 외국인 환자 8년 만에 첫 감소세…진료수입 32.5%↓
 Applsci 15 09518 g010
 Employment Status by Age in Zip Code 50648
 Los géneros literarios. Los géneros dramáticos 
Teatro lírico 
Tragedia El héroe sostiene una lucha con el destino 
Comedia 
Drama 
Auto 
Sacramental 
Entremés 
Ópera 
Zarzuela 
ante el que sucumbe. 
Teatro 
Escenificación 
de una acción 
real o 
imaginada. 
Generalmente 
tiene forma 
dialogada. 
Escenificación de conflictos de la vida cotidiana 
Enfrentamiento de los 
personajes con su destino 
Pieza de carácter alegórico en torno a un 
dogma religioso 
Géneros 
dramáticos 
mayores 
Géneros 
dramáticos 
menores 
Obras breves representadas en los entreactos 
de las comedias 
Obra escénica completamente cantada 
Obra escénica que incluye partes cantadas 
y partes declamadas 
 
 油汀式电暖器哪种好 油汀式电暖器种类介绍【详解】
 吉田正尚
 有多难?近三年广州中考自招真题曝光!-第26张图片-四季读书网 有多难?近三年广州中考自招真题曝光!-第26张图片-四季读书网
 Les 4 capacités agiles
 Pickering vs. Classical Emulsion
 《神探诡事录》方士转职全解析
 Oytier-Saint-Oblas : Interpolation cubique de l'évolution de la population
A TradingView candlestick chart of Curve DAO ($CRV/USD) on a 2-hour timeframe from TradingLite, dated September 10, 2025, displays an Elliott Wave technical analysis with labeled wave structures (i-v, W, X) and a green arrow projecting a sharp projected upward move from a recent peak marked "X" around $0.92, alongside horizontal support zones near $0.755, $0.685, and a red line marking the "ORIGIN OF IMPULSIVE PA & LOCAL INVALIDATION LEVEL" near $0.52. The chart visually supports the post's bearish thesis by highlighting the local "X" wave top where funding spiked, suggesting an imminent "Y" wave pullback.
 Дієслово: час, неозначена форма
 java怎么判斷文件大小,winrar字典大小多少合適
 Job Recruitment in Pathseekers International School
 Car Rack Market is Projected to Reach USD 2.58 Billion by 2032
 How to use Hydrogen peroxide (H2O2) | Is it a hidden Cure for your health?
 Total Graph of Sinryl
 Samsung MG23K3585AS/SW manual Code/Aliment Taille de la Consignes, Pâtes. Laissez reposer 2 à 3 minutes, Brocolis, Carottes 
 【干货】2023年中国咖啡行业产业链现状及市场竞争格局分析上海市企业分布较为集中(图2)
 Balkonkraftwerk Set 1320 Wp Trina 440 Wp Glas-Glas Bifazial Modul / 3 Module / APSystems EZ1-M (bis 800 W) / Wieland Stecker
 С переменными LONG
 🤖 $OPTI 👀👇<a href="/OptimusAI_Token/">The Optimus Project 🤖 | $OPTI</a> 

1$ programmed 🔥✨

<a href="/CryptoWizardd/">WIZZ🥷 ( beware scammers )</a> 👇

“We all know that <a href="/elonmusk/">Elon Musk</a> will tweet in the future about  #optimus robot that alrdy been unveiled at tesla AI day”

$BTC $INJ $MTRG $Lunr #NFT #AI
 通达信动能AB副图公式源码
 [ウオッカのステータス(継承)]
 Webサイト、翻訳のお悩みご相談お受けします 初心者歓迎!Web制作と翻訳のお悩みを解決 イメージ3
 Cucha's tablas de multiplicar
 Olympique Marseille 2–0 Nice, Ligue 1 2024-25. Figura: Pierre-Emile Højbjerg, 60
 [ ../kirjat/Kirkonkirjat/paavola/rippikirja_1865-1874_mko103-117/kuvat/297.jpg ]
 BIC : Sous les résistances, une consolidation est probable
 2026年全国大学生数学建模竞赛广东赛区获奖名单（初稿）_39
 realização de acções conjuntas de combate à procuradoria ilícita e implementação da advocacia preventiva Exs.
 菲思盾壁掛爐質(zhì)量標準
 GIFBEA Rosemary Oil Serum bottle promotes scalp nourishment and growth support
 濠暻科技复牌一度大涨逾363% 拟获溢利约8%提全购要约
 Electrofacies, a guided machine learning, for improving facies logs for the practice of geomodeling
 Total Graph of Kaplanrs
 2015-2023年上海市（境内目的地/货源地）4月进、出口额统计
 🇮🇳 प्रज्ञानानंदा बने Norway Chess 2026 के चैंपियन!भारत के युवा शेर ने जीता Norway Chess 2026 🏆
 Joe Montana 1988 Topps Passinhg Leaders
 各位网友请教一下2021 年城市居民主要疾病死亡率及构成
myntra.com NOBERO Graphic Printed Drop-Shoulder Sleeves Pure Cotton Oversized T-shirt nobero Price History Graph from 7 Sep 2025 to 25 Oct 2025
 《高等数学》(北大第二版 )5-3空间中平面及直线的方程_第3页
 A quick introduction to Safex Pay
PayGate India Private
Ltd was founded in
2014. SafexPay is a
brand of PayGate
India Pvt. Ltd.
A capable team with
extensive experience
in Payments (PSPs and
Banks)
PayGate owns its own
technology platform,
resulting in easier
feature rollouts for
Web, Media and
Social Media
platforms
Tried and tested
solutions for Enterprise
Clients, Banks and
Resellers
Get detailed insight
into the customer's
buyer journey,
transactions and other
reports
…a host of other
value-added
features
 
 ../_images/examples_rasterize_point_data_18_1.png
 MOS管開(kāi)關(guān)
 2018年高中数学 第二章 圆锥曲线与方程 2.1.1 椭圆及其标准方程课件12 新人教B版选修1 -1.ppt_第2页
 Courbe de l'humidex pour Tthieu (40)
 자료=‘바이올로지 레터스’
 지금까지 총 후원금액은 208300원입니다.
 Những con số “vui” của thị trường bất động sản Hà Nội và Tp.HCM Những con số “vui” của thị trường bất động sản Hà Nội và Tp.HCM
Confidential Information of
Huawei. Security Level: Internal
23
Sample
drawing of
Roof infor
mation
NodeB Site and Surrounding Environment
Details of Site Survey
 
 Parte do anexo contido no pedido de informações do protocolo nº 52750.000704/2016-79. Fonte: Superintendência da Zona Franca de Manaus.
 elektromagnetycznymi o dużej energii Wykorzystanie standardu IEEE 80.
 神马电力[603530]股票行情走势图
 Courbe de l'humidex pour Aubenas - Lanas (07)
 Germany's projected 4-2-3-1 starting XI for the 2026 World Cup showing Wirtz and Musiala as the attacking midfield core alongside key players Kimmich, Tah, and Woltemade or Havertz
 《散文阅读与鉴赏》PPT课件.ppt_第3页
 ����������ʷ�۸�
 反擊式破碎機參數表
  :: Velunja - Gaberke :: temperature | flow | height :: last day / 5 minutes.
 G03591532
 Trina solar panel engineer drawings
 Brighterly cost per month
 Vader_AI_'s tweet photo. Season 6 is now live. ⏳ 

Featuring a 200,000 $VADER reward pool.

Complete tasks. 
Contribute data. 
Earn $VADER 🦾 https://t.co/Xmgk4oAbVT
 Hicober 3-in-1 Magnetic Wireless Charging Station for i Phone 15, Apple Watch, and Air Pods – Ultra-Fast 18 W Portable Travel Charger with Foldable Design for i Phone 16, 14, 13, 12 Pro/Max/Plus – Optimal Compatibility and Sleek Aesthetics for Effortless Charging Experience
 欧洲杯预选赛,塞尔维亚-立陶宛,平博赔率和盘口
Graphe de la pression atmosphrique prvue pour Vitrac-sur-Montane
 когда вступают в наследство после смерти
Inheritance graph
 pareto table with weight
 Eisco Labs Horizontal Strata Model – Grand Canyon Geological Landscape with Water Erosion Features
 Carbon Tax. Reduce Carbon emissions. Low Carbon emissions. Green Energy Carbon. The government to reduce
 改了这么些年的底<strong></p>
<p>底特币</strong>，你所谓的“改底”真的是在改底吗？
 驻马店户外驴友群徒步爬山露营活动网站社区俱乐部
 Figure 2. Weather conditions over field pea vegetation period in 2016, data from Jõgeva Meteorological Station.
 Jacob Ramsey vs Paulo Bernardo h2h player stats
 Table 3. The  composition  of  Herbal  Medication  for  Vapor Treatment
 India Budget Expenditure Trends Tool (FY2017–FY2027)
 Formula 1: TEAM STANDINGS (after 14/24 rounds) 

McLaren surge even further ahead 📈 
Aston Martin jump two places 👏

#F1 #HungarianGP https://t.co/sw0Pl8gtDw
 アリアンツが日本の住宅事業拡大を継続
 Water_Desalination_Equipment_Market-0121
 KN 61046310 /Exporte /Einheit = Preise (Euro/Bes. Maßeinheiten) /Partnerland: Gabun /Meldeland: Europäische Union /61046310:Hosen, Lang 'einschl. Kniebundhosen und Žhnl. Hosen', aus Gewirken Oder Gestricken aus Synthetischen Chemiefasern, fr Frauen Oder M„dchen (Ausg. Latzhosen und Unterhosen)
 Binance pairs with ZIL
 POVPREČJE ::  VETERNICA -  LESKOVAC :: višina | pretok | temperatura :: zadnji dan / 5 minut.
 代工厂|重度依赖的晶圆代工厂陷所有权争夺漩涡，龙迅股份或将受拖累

——

Work to be completed: Line by line, check the material above for the word "from", then give the number of lines that hold it and nothing else.

Reply to the task: 3